First session with EasyEDA — learning the schematic editor, component library, and how it connects to JLCPCB for fabrication.

What EasyEDA Is

EasyEDA is a browser-based EDA (Electronic Design Automation) tool — schematic capture and PCB layout in one place, no installation required. It’s made by JLCPCB’s parent company, which means the path from schematic to manufactured board is unusually short.

The free tier is fully functional. The main trade-off vs. KiCad or Altium is that your designs live on their servers, but for prototyping and learning it’s hard to beat the setup time of zero.

The Basic Workflow

Schematic Editor → Assign Footprints → PCB Editor → Generate Gerbers → Order via JLCPCB

Everything is in the same tool.
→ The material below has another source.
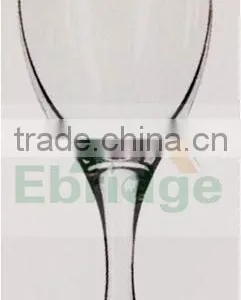 Cheap 150ml Lead-free Crystal Glass Goblet Cup Little Red Wine Glass Quality Choice thumbnail-1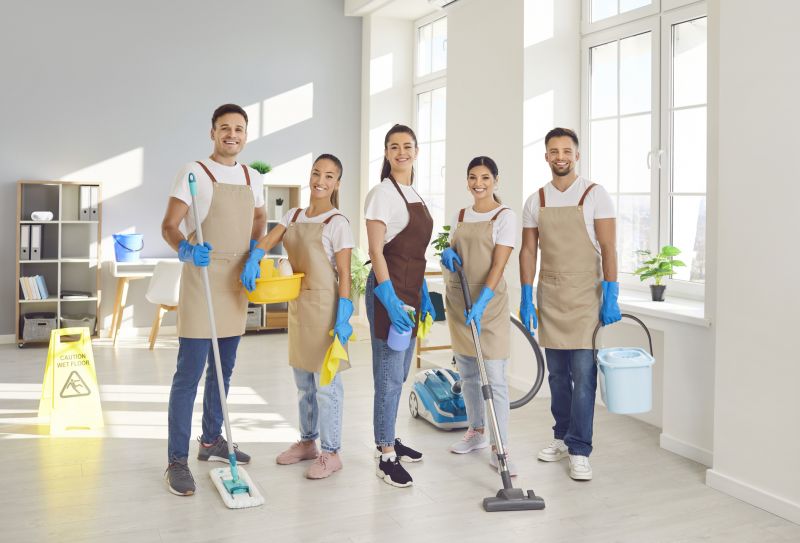 Apartment Maid Service in New Braunfels, TX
No import/export between schematic and PCB steps — the netlist transfers automatically when you open the PCB editor from your schematic.

Schematic Editor

The schematic editor works like most EDA tools: place components, wire them together, add power symbols (VCC, GND), label nets.

Key things that work well:

  • Component search — type a part number and it usually finds it with the correct symbol and footprint already paired
  • Power symbols — VCC and GND are placed as symbols, not drawn as wires to rails; any two nodes with the same power symbol name are connected
  • Net labels — name a wire and use the same label elsewhere to connect without drawing a line across the schematic

The schematic is essentially documentation of intent. The PCB is where geometry happens.

Component Library

The LCSC component library is built in — LCSC is JLCPCB’s parts supplier. Every part has a real-world price and stock count visible while you’re placing it. Filtering by “basic” parts (cheaper assembly cost) vs. “extended” parts is useful once you’re thinking about PCB assembly.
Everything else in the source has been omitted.